So rather than trying to define anomalies more precisely, we shall deliberately proceed with the vague and subjective approach where anomalies are suspiciously different or inconsistent with the rest of the data.

### Rejecting anomalies

Many analysts have thrown away apparent anomalies because they were assumed to be errors. There are even formal statistical tests to tell you which observations should be ignored. In my view, this is a dangerous practice. No anomalies should be removed unless you understand what led to their unusual behaviour in the first place. Often the most interesting observations are the ones that appear anomalous. They are the ones that tell us something new and unexpected, so we should not be too quick to reject them.

Sometimes we may want to use methods that are robust to anomalies, so that we can ignore them without worrying about their effect on the analysis. But this is not the same as removing them. Even when we use robust methods, it is still worth investigating any observations that appear anomalous, in order to fully understand the variation in the data.

### How NASA didn’t discover the hole in the ozone layer

There is a widespread myth that NASA did not discover the hole in the ozone layer above the Antarctic because they had been throwing away anomalous data that would have revealed it. This is not true, but the real story is also instructive .

NASA had been collecting satellite data on Antarctic ozone levels using a Total Ozone Mapping Spectrometer (TOMS) since 1979, while British scientists had collected ozone data using ground sensors at the Halley Research Station, on the edge of the Brunt Ice Shelf in Antarctica, since 1957. Figure 1.1 shows average daily values from the NASA measurements in blue, and from the British observations in orange. There is a clear downward trend in the British data, especially from the late 1970s, which is confirmed with the NASA data. So why wasn’t the “ozone hole” discovered until 1985?

Code
tmp <- readr::read_csv(here::here("data/halley_toms_ozone.txt"), skip=2) |>
rename(
Year = "#   year",
Instrument = "instrument",
Ozone = "ozone"
)
ozone <- bind_rows(
tmp |>
filter(!is.na(Instrument)),
tmp |>
filter(is.na(Instrument), !stringr::str_detect(Year, "^#")) |>
mutate(Instrument = "Halley")
) |>
mutate(
)
ozone |>
filter(Instrument %in% c("Halley", "TOMS")) |>
ggplot(aes(x = Year, y = Ozone, color = Instrument)) +
geom_point() +
geom_hline(aes(yintercept = 180), col="gray") +
labs(y = "Total Ozone (DU)") +
scale_y_continuous(sec.axis = dup_axis(breaks = 180, name = ""))

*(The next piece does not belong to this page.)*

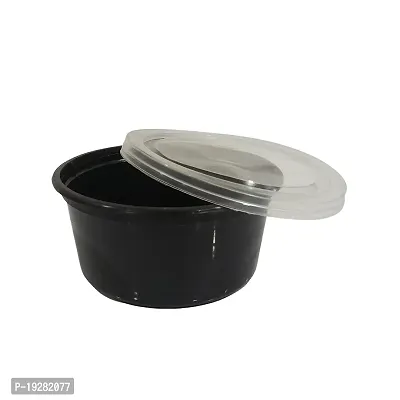 Multi-Purpose Plastic Containers with Lid for Kitchen Storage-thumb0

The British scientists had noticed the low ozone values as early as 1981, but it took a few years for the scientists to be convinced that the low values were real and not due to instrument problems, and then there were the usual publication delays. Eventually, the results were published in Farman, Gardiner, and Shanklin (1985).

Meanwhile, NASA was flagging observations as anomalous when they were below 180 DU (shown as a horizontal line in Figure 1.1). As is clear from the figure, this is much lower than any of the plotted points before the early 1980s. However, the 180 threshold was used for the daily measurements, which are much more variable than the monthly averages that are plotted. Occasionally daily observations did fall below 180, and so it was a reasonable threshold for the purpose of identifying instrument problems.

In fact, NASA had checked the unusually low TOMS values obtained before 1985 by comparing them against other available data. But the other data available to them showed ozone values of about 300 DU, so it was assumed that the satellite sensor was malfunctioning. The British Halley data were not available to them, and only after the publication of Farman, Gardiner, and Shanklin (1985) did the NASA scientists realise that the TOMS results were accurate.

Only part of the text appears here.